LDA Topic Modeling
By Megan Kane
Full Code Available on SF Nexus Github:
LDA (Gensim) Topic Modeling is based on the assumption that documents are a mixture of topics (# topics is set by the researcher) and that topics are a mixture of words. To determine which words belong to each topic, the LDA model randomly assigns each word in a set of documents to a topic, then iterates through the assignments and makes adjustments until all words are assigned to the topics where they have the highest probability of belonging. LDA topic modeling works well on disaggregated texts (like the dataset generated above).
We ran topic modeling on a subset of Temple’s science fiction corpus which has been identified as “climate fiction.” Using C_V and U_Mass Coherence calculations, we determined that optimal number of topics for the sci-fi collection was 200. In other words, a model with 200 topics provides the most coherent co-occurences of words and documents in each topic.

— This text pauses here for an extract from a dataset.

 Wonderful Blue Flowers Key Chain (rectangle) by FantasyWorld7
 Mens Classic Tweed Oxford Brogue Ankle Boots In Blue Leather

Prior to this analysis, all stopwords and non-English words were removed. Here are the most frequent words present in the top topics in the model.
Sample interactive visualization of LDA topic models of climate fiction using LDAviz
BERTopic Topic Modeling
Full Code Available on SF Nexus Github:
BERTopic Topic Modeling is a topic modeling tool which creates topic clusters based on word embeddings and a class-based TF-IDF. It generates a set of topics, the top words in each topic, and the likelihood of each text in a corpus belonging to each topic. Because it makes use of word embeddings, it does not work well with disaggregated texts.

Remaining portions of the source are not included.